- [DATA SHOWN]
★ ★ ★

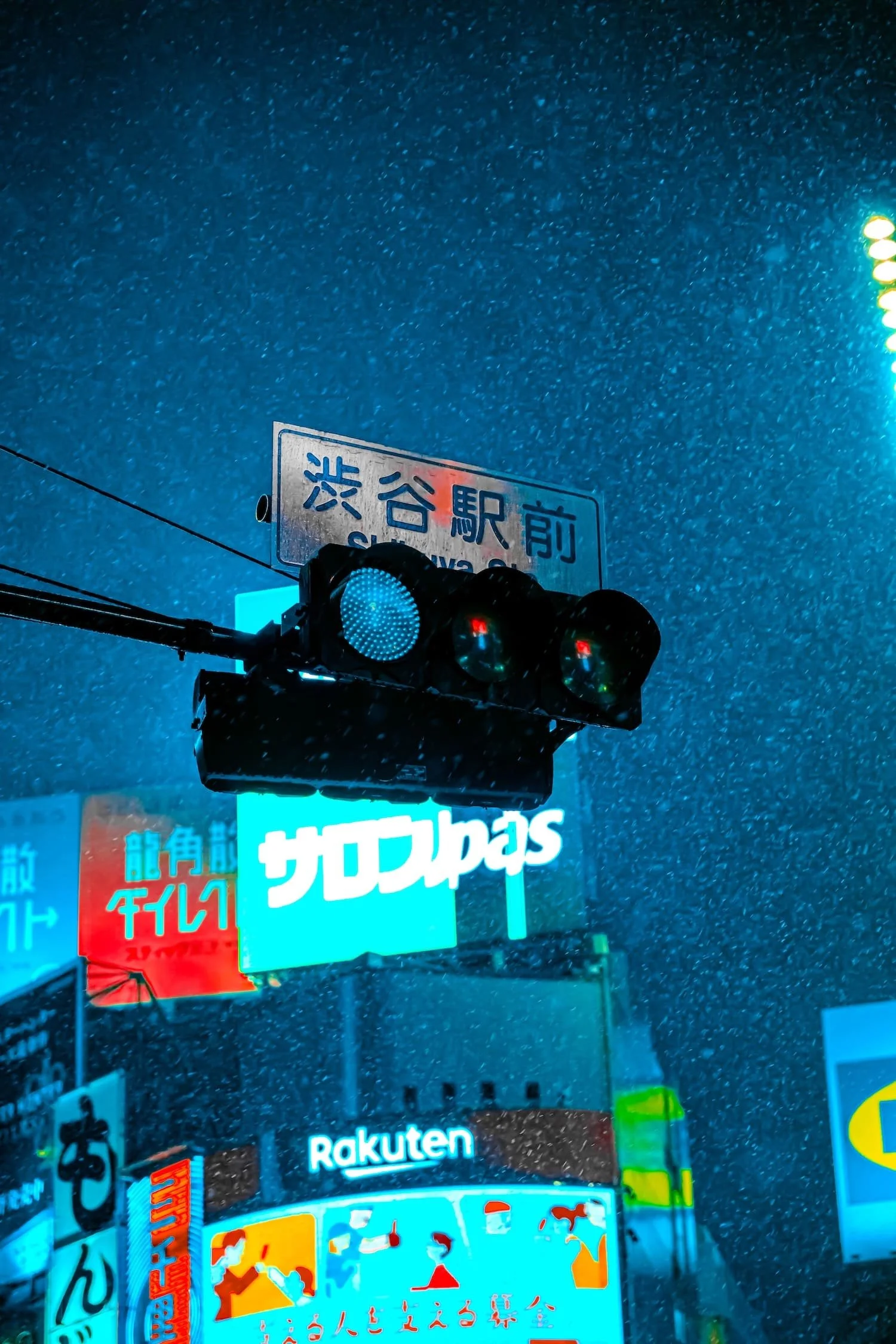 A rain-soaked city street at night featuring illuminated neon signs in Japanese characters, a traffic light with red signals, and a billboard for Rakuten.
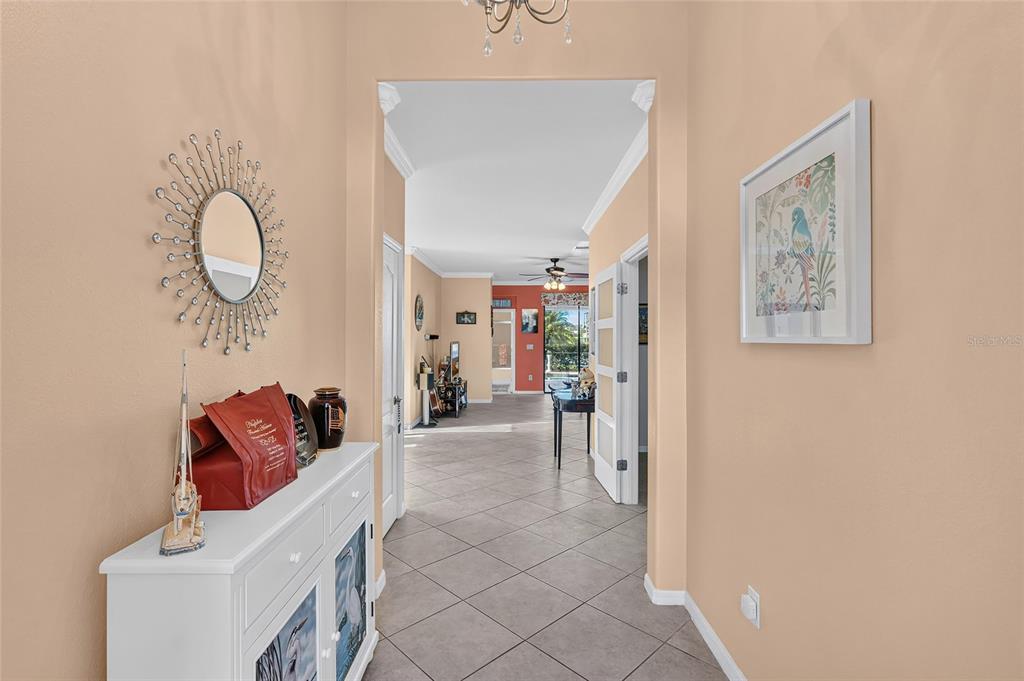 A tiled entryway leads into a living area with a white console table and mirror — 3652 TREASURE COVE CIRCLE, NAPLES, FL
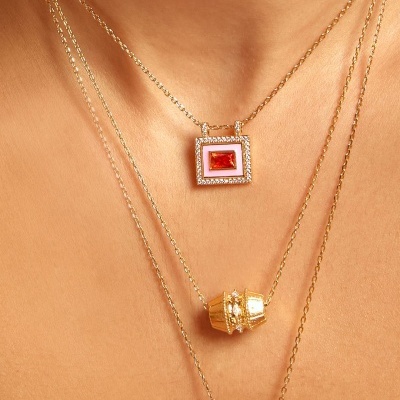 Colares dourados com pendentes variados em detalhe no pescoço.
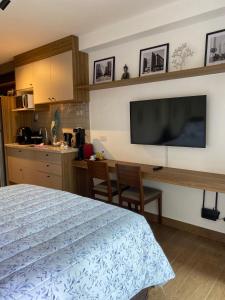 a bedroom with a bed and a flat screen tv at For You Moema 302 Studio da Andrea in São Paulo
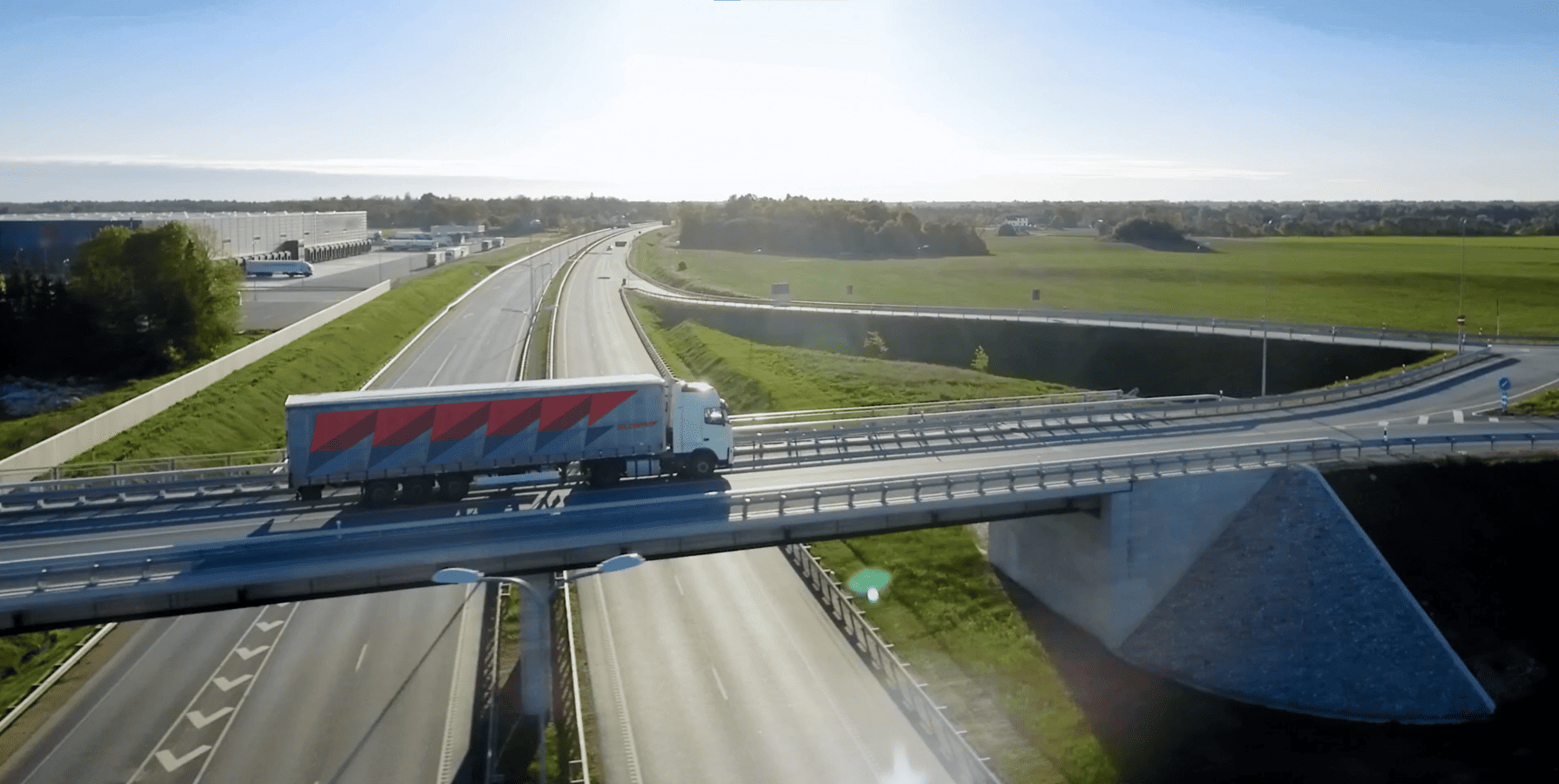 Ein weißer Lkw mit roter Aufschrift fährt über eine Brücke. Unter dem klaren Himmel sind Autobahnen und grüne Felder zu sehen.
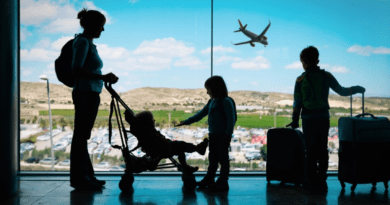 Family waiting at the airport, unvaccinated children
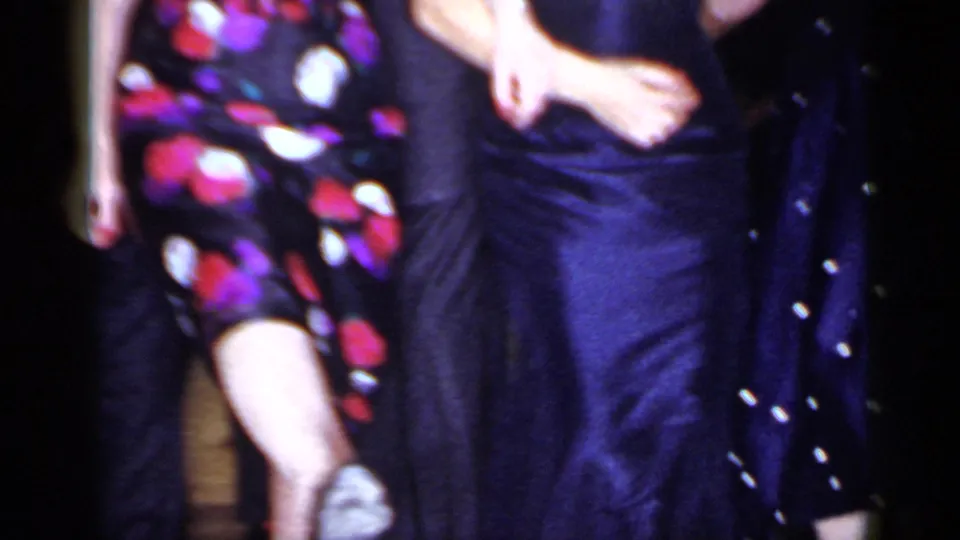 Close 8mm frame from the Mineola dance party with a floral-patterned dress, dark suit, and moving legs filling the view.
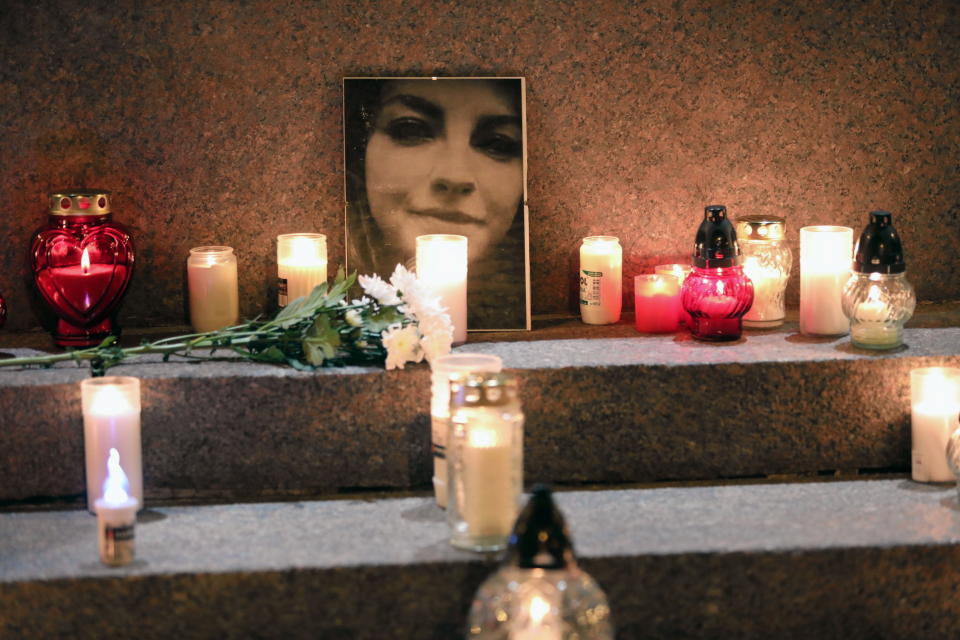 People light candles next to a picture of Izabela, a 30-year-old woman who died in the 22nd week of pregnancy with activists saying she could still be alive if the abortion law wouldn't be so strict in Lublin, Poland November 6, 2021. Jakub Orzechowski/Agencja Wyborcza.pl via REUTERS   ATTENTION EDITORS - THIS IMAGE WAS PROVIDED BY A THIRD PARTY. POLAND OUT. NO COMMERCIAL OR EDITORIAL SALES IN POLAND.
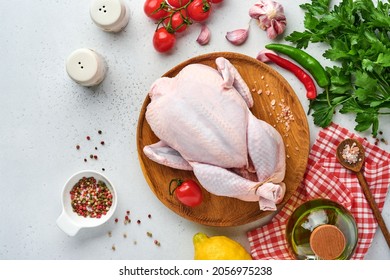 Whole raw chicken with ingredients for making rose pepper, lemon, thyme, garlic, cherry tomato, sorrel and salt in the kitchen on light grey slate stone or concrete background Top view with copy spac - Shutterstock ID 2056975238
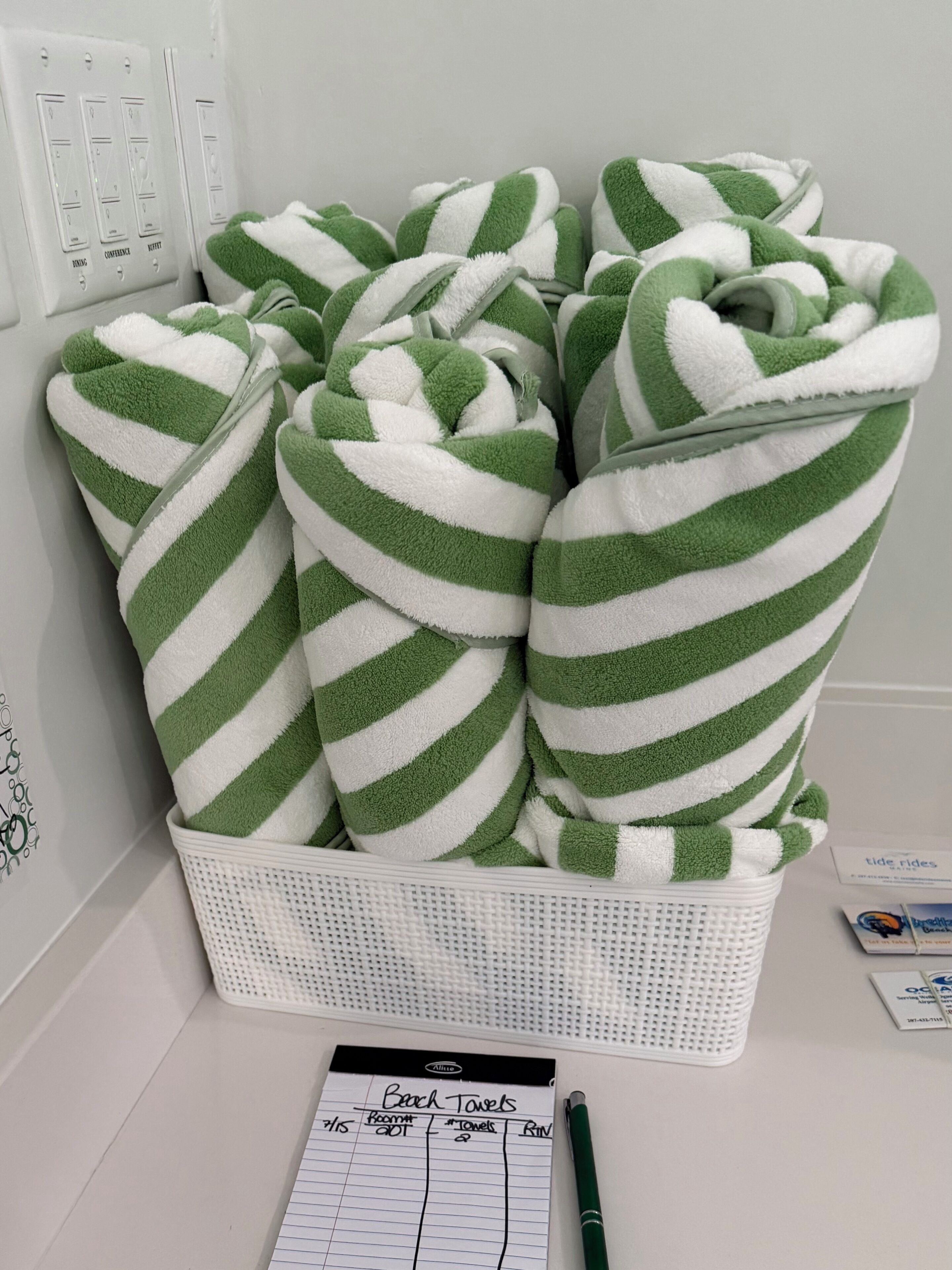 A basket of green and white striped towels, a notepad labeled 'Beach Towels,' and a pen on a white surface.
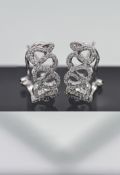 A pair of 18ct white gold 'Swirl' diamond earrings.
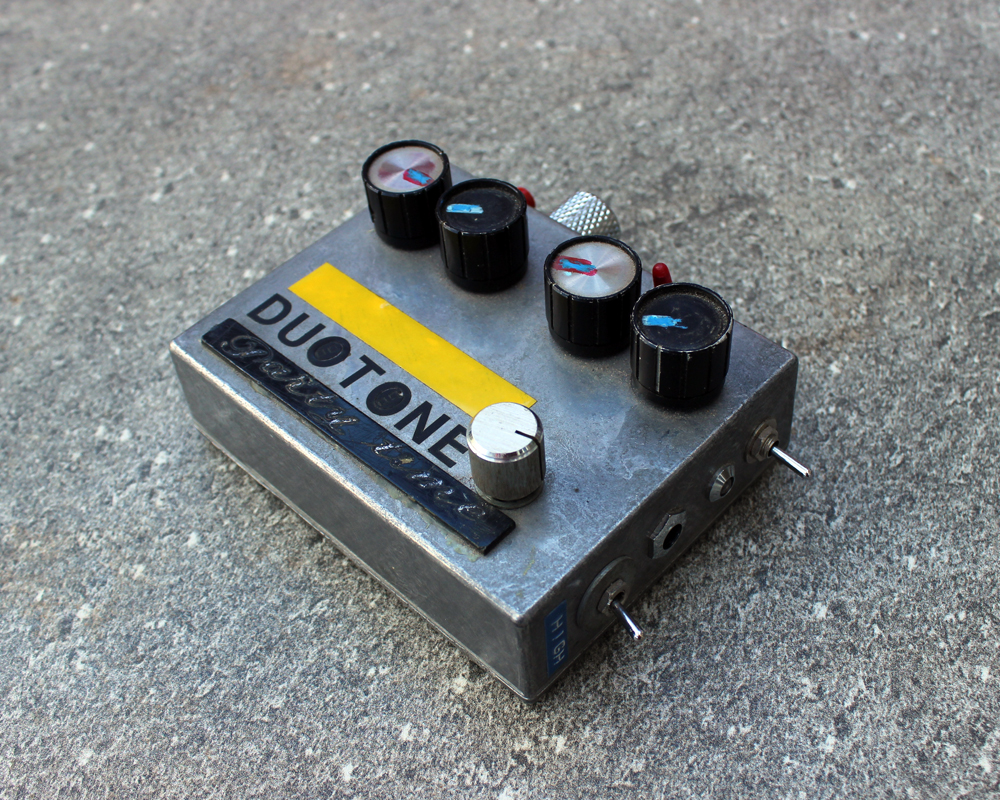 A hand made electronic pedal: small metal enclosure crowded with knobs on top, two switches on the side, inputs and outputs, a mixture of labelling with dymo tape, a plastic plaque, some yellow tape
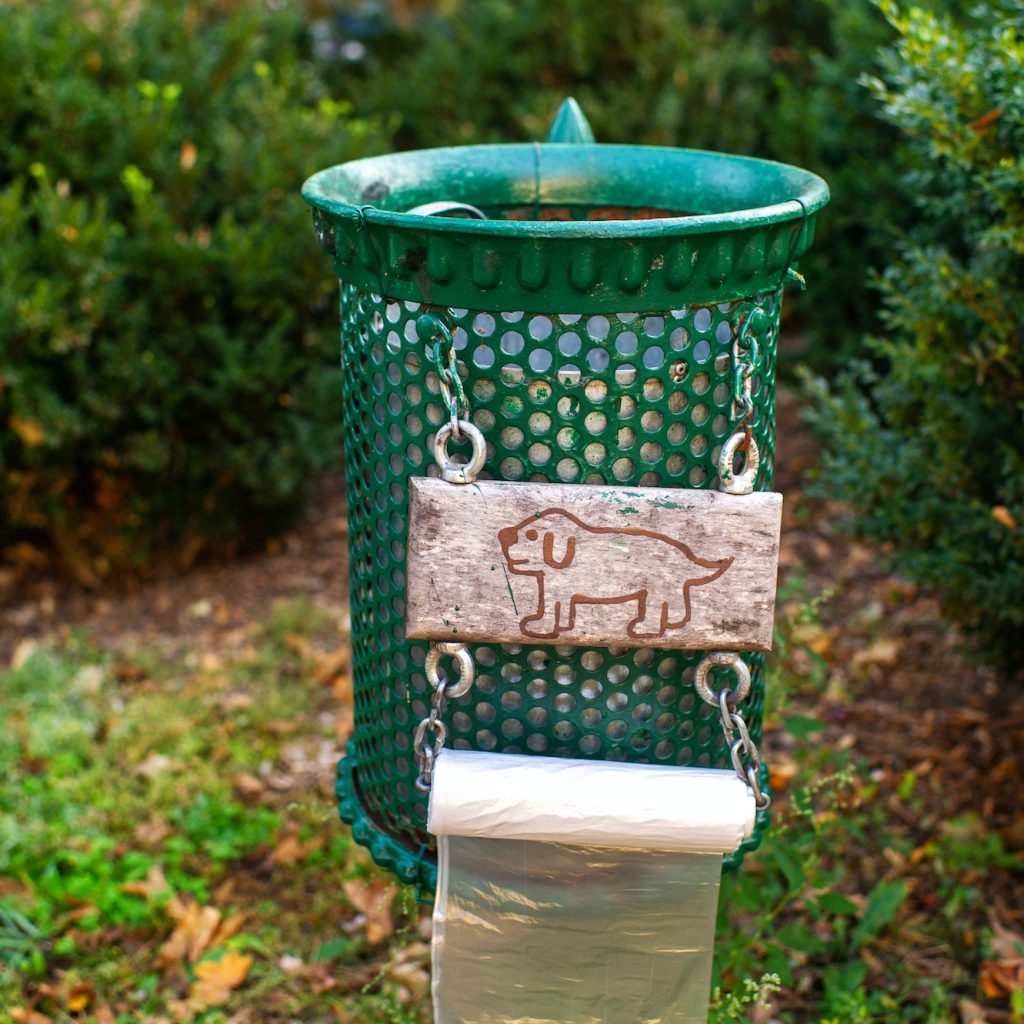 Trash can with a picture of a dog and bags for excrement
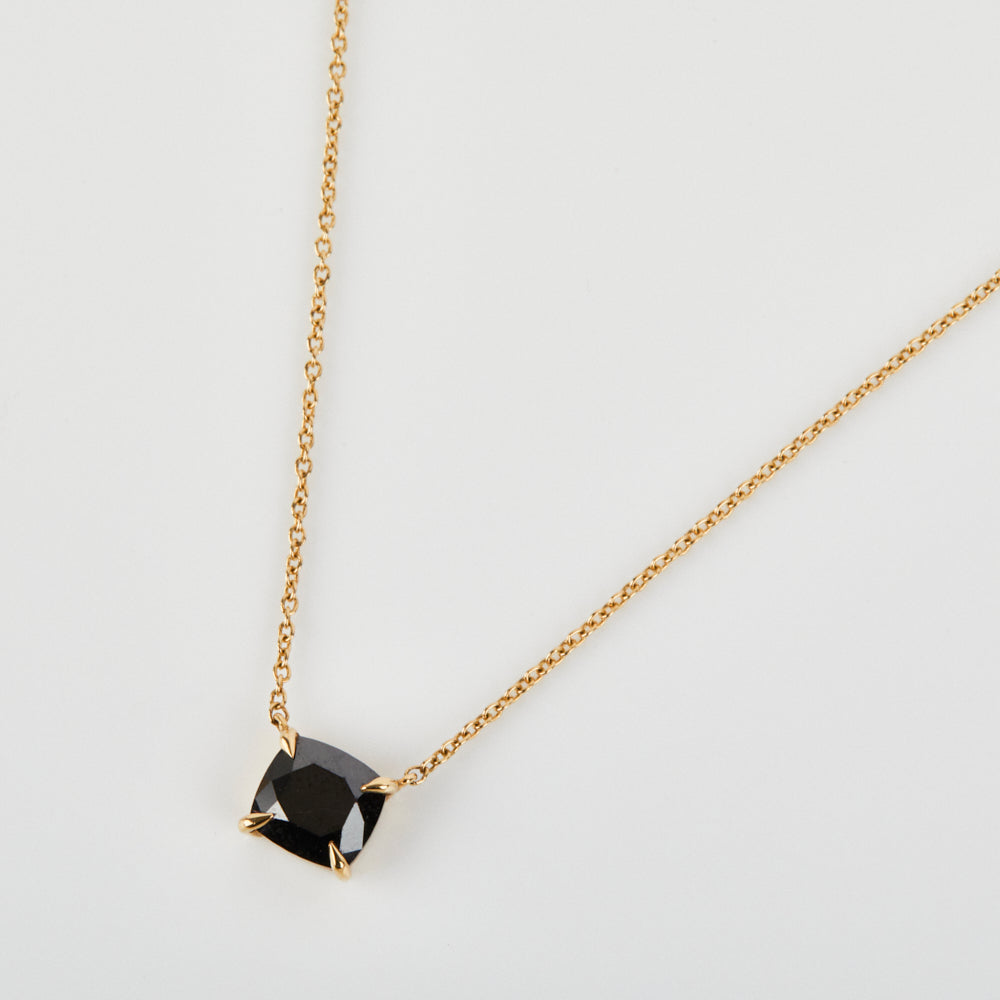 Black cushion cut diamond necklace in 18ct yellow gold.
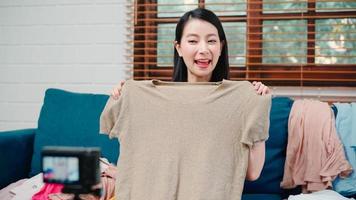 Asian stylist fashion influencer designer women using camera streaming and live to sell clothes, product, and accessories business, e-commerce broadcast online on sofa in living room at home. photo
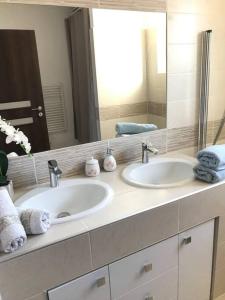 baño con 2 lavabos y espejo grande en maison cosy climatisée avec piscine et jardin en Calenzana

★ ★ ★

Copy out the entries exactly as they stand, omitting the images.

- [EXERCISE RESULT]
 A rain-soaked city street at night featuring illuminated neon signs in Japanese characters, a traffic light with red signals, and a billboard for Rakuten.
 A tiled entryway leads into a living area with a white console table and mirror — 3652 TREASURE COVE CIRCLE, NAPLES, FL
 Colares dourados com pendentes variados em detalhe no pescoço.
 a bedroom with a bed and a flat screen tv at For You Moema 302 Studio da Andrea in São Paulo
 Ein weißer Lkw mit roter Aufschrift fährt über eine Brücke. Unter dem klaren Himmel sind Autobahnen und grüne Felder zu sehen.
 Family waiting at the airport, unvaccinated children
 Close 8mm frame from the Mineola dance party with a floral-patterned dress, dark suit, and moving legs filling the view.
 People light candles next to a picture of Izabela, a 30-year-old woman who died in the 22nd week of pregnancy with activists saying she could still be alive if the abortion law wouldn't be so strict in Lublin, Poland November 6, 2021. Jakub Orzechowski/Agencja Wyborcza.pl via REUTERS   ATTENTION EDITORS - THIS IMAGE WAS PROVIDED BY A THIRD PARTY. POLAND OUT. NO COMMERCIAL OR EDITORIAL SALES IN POLAND.
 Whole raw chicken with ingredients for making rose pepper, lemon, thyme, garlic, cherry tomato, sorrel and salt in the kitchen on light grey slate stone or concrete background Top view with copy spac - Shutterstock ID 2056975238
 A basket of green and white striped towels, a notepad labeled 'Beach Towels,' and a pen on a white surface.
 A pair of 18ct white gold 'Swirl' diamond earrings.
 A hand made electronic pedal: small metal enclosure crowded with knobs on top, two switches on the side, inputs and outputs, a mixture of labelling with dymo tape, a plastic plaque, some yellow tape
 Trash can with a picture of a dog and bags for excrement
 Black cushion cut diamond necklace in 18ct yellow gold.
 Asian stylist fashion influencer designer women using camera streaming and live to sell clothes, product, and accessories business, e-commerce broadcast online on sofa in living room at home. photo
 baño con 2 lavabos y espejo grande en maison cosy climatisée avec piscine et jardin en Calenzana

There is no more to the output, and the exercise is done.